### Working data
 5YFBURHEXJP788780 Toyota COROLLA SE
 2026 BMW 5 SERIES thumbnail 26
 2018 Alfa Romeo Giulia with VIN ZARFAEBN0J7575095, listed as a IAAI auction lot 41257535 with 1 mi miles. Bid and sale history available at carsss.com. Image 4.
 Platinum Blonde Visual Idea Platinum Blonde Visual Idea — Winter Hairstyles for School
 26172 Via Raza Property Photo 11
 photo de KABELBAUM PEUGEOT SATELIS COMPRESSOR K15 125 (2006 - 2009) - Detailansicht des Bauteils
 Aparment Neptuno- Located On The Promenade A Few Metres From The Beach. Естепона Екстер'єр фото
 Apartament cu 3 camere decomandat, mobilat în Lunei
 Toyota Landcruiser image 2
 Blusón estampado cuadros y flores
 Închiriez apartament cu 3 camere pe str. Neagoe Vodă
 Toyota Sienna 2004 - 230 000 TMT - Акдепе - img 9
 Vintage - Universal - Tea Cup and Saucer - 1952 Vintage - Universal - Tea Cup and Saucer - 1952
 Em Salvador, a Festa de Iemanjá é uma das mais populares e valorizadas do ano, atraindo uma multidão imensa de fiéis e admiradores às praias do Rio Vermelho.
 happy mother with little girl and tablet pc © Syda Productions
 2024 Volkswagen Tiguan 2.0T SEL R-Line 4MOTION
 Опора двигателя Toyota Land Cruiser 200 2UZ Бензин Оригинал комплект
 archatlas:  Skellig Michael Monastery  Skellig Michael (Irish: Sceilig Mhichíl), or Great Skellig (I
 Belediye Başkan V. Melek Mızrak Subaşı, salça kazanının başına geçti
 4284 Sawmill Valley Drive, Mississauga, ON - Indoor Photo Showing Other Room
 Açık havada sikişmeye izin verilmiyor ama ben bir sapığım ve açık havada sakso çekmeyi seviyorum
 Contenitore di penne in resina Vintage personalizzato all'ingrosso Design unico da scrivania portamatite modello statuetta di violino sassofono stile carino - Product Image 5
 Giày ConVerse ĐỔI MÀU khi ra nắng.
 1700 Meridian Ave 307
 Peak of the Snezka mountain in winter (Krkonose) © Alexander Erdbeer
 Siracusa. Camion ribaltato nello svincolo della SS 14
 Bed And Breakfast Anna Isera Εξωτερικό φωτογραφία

### Task
Using the data above, return each line that includes the word "with".

### Completed task
 2018 Alfa Romeo Giulia with VIN ZARFAEBN0J7575095, listed as a IAAI auction lot 41257535 with 1 mi miles. Bid and sale history available at carsss.com. Image 4.
 happy mother with little girl and tablet pc © Syda Productions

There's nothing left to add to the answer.